**Data records:**
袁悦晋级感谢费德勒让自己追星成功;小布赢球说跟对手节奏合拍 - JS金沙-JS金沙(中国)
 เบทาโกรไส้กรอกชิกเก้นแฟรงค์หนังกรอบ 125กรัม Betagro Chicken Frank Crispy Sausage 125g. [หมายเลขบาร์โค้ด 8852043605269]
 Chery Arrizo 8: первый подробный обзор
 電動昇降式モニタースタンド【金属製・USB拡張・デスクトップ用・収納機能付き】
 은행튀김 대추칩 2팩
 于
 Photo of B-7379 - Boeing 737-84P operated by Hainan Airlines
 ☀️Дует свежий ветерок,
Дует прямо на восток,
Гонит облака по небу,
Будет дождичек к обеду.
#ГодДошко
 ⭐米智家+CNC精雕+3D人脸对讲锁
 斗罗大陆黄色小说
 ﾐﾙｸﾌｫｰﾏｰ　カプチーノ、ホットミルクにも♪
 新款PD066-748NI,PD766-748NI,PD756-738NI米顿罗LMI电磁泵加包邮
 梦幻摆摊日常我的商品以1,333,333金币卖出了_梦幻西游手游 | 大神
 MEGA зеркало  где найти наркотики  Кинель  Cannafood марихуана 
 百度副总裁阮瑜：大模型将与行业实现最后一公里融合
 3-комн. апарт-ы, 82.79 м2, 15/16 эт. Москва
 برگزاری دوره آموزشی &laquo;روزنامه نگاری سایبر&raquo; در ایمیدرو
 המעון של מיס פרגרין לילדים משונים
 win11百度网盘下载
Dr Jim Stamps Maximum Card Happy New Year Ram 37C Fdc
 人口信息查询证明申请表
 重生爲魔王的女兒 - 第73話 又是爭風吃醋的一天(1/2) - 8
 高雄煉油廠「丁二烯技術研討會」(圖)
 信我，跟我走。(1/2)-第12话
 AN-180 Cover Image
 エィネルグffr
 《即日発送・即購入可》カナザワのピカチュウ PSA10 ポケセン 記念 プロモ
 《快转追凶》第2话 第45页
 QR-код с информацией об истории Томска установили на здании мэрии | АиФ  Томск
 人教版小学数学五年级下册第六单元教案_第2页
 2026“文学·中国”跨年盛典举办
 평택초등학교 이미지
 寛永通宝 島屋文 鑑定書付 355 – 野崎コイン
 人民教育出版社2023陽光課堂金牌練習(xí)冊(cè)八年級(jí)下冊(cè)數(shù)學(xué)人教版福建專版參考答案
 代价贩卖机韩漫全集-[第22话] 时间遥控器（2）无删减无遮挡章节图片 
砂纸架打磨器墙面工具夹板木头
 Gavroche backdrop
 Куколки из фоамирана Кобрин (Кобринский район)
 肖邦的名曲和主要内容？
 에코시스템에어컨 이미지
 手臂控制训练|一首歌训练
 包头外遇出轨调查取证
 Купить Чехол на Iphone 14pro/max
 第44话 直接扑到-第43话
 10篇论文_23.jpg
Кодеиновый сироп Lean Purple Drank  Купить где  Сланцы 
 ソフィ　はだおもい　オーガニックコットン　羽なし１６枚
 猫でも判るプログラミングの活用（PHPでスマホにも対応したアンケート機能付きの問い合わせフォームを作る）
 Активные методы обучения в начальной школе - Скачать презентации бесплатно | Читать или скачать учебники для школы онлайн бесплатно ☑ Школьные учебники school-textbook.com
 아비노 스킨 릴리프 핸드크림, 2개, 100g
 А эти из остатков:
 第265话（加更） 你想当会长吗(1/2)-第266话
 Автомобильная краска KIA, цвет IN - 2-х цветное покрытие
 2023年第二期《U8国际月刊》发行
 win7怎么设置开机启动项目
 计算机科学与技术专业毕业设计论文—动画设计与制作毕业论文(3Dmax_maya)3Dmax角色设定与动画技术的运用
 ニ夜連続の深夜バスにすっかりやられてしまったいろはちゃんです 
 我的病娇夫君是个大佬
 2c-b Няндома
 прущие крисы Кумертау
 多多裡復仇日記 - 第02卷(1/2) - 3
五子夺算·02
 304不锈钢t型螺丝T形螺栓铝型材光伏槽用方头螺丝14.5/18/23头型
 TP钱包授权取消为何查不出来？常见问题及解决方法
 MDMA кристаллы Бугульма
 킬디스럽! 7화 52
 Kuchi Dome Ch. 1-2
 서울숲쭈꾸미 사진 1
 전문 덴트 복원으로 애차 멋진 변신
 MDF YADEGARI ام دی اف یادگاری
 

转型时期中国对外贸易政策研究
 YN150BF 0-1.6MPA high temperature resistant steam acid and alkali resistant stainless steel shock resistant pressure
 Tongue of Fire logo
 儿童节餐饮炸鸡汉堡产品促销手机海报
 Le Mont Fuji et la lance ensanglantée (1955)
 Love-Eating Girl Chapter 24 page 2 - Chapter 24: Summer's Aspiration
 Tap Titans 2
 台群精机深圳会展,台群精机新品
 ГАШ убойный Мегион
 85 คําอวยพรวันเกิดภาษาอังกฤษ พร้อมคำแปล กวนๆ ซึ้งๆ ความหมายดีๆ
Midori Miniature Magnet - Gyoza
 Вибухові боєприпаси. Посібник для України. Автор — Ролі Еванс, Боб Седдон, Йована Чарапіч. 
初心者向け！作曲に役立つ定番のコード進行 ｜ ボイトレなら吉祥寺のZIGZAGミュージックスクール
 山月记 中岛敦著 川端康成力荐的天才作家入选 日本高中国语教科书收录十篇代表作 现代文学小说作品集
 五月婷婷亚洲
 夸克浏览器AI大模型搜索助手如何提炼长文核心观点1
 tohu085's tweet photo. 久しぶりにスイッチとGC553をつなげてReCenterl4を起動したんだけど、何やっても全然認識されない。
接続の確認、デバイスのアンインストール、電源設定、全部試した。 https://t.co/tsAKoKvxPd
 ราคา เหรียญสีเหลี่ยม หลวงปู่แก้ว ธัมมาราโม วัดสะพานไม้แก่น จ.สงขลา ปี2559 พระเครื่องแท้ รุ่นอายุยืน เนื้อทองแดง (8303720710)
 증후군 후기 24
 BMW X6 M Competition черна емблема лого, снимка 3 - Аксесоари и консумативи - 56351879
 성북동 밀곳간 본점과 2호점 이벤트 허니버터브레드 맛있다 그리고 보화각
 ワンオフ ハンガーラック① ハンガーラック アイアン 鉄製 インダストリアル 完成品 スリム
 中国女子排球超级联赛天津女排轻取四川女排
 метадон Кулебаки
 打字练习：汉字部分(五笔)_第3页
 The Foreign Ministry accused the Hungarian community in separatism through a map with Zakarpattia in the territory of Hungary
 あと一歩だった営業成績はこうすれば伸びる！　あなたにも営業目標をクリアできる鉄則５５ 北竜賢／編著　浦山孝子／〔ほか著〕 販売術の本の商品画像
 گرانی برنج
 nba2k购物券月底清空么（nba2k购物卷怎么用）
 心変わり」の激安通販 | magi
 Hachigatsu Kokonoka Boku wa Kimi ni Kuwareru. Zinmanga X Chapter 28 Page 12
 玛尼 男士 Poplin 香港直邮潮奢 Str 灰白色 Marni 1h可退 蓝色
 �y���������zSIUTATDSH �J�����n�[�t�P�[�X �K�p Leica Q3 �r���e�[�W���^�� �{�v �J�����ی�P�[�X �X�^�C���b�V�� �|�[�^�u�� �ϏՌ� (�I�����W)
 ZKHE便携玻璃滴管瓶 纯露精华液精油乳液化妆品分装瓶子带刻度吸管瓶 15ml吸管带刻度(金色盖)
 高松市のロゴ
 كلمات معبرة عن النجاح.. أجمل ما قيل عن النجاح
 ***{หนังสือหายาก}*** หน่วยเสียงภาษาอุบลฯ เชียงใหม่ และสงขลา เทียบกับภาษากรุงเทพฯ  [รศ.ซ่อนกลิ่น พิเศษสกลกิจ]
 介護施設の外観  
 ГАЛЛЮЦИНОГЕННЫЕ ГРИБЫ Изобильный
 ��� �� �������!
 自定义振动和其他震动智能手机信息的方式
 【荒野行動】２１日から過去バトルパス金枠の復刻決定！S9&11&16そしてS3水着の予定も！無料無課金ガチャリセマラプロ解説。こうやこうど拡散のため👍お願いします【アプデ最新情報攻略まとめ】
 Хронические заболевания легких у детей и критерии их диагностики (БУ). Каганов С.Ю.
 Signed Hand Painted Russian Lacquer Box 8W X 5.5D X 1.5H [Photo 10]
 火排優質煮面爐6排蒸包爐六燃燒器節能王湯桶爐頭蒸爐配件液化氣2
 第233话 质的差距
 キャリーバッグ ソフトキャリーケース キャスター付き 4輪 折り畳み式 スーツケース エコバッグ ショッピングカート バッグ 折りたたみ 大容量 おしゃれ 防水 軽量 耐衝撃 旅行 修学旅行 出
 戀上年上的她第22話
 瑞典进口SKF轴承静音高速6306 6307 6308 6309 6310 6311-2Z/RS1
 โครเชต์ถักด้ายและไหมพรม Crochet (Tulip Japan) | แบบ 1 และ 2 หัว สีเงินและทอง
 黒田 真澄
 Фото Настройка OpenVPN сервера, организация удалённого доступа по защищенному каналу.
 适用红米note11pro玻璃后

**What is being asked:** Output the lines of the records above exactly as they appear, from the line containing "Le Mont Fuji et la lance ensanglantée (1955)" through the line containing "接続の確認、デバイスのアンイ".

**Result below:**
 Le Mont Fuji et la lance ensanglantée (1955)
 Love-Eating Girl Chapter 24 page 2 - Chapter 24: Summer's Aspiration
 Tap Titans 2
 台群精机深圳会展,台群精机新品
 ГАШ убойный Мегион
 85 คําอวยพรวันเกิดภาษาอังกฤษ พร้อมคำแปล กวนๆ ซึ้งๆ ความหมายดีๆ
Midori Miniature Magnet - Gyoza
 Вибухові боєприпаси. Посібник для України. Автор — Ролі Еванс, Боб Седдон, Йована Чарапіч. 
初心者向け！作曲に役立つ定番のコード進行 ｜ ボイトレなら吉祥寺のZIGZAGミュージックスクール
 山月记 中岛敦著 川端康成力荐的天才作家入选 日本高中国语教科书收录十篇代表作 现代文学小说作品集
 五月婷婷亚洲
 夸克浏览器AI大模型搜索助手如何提炼长文核心观点1
 tohu085's tweet photo. 久しぶりにスイッチとGC553をつなげてReCenterl4を起動したんだけど、何やっても全然認識されない。
接続の確認、デバイスのアンインストール、電源設定、全部試した。 https://t.co/tsAKoKvxPd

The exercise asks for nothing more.